Bien sûr, le Royaume-Uni restera un partenaire essentiel de l'Europe, de la France, notamment en ce qui concerne les relations bilatérales, en particulier dans le domaine de la sécurité et des relations extérieures.
Sur la scène internationale, la France et la Russie sont des partenaires qui doivent travailler ensemble. Je l'ai dit, nous avons des points d'accord et de désaccord que nous évoquons sincèrement. Mais nous avons des motifs de satisfaction. Notre relation bilatérale est intense, elle l'est notamment dans le domaine culturel riche et diversifiée qui correspond vous le savez à des liens historiques entre le peuple français et le peuple russe. Et 2016 est justement l'année franco-russe du tourisme culturel avec des dizaines d'événements qui sont organisés dans nos deux pays et tout cela ne peut que contribuer à renforcer notre confiance mutuelle. Mais nous avons aussi des relations économiques fortes et je crois durables. Nos entreprises sont en Russie, elles sont restées et elles souhaitent se développer. De nombreux groupes français poursuivent leurs activités malgré un contexte difficile. Le potentiel de nos relations économiques est sous-exploité et il y a donc encore beaucoup de perspectives de développement et d'échanges. J'ai évoqué la nécessaire mise en oeuvre des accords de Minsk, qui permettrait, en tout cas c'est notre approche, une sortie des sanctions, qui je le rappelle ont été introduites en réaction à la crise en Ukraine.
Puis, sur les grandes crises internationales, nous avons abordé ces sujets en cherchant à tout prix des convergences, notamment l'Ukraine que je viens d'évoquer : nous avons eu un échange sur l'état d'avancement des échanges au sein du Format Normandie, et chacun doit faire preuve d'esprit constructif pour aboutir à des résultats concrets. La Russie a bien-sûr son rôle à jouer, le gouvernement ukrainien le sien, et la France, dans le cadre du Format Normandie, avec l'Allemagne, continuera de tout faire, et à chaque fois que cela sera nécessaire proposera des réunions au plus haut niveau pour arriver à une solution satisfaisante.

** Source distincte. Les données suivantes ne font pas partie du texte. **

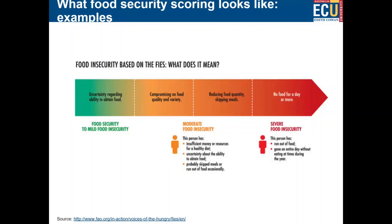I hope you've enjoyed this brief webinar on some of the tools used to measure food security and what the categories might look like. If you want further information, there are references included in the presentation.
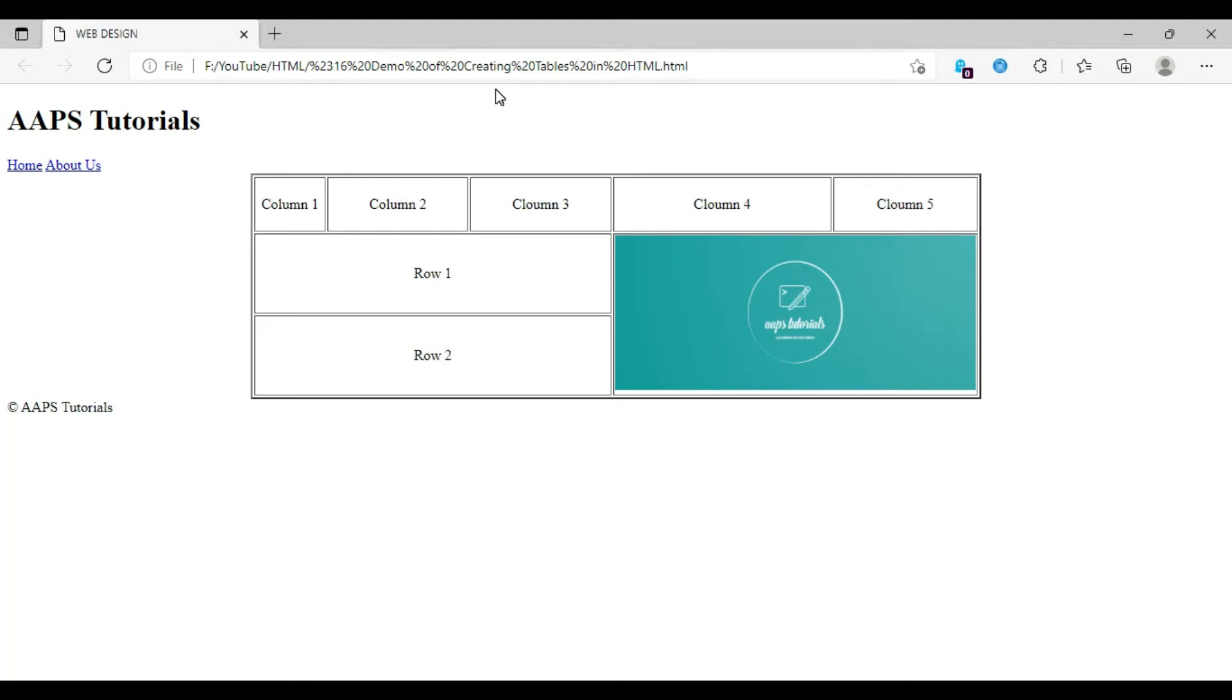Hello everyone, welcome to Apps Tutorials. Today we are going to dive into a practical lecture of creating tables in HTML.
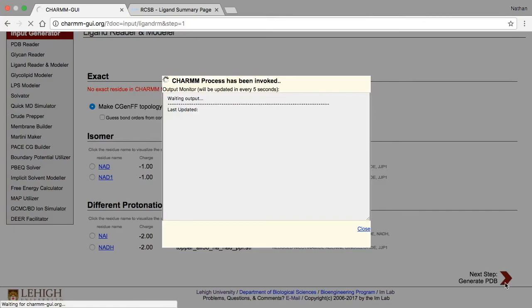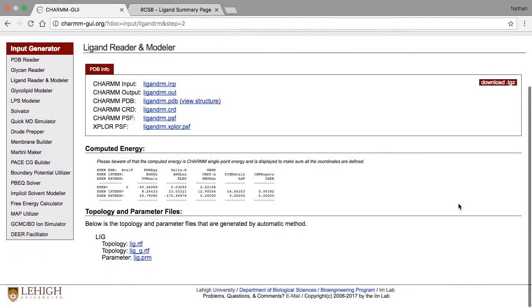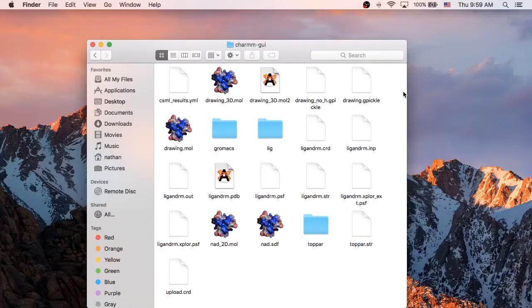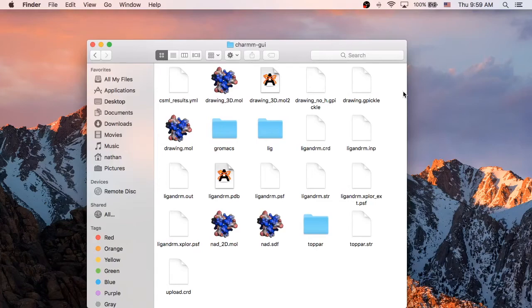When the CHARMM process finishes, download the result. This time, there are fewer files included, and this is because we loaded the ligand directly rather than loading the PDB structure.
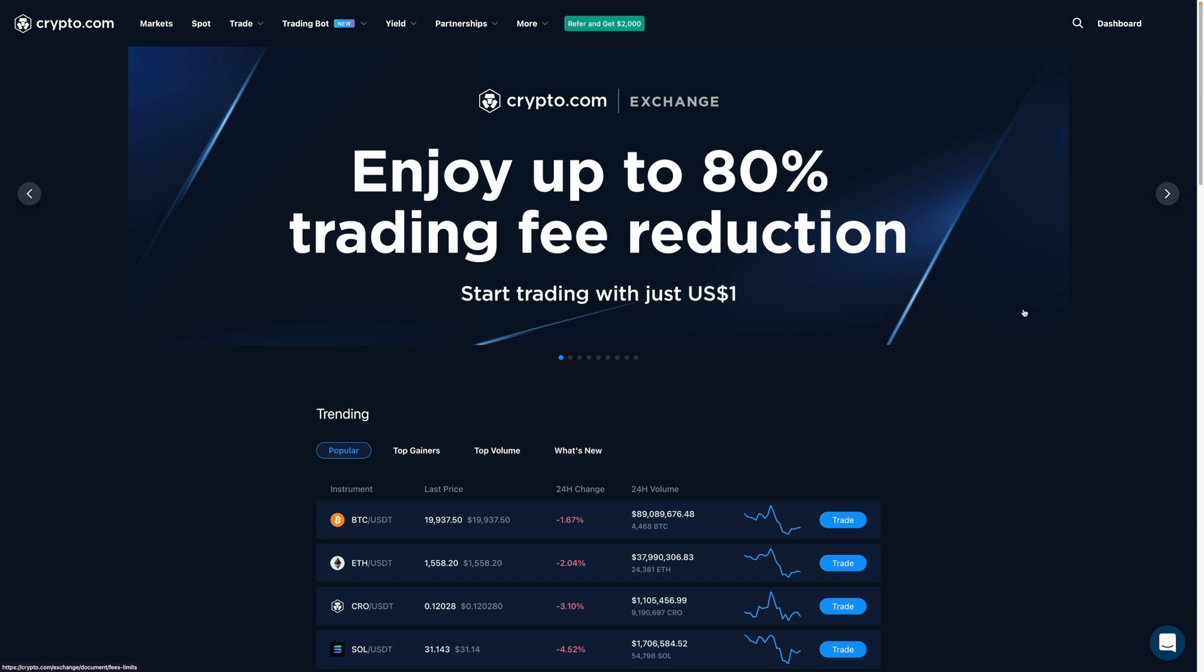In this video, I'm going to show you step-by-step how you can deposit your coins onto Crypto.com Exchange, or CDC for short. Now, if by chance you don't already have an account with CDC, I'll leave a sign-up link down below. That said, let's get started.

Nous avons évoqué le dossier du Haut-Karabagh. Sergueï Lavrov m'a informé des résultats de la réunion du 20 juin à Saint-Pétersbourg entre le Président Poutine et ses homologues arméniens et azerbaïdjanais, le Président Poutine d'ailleurs l'évoquera avec le Président Hollande, et j'ai rappelé notre disponibilité pour tenir une nouvelle réunion à Paris pour engager de nouvelles négociations.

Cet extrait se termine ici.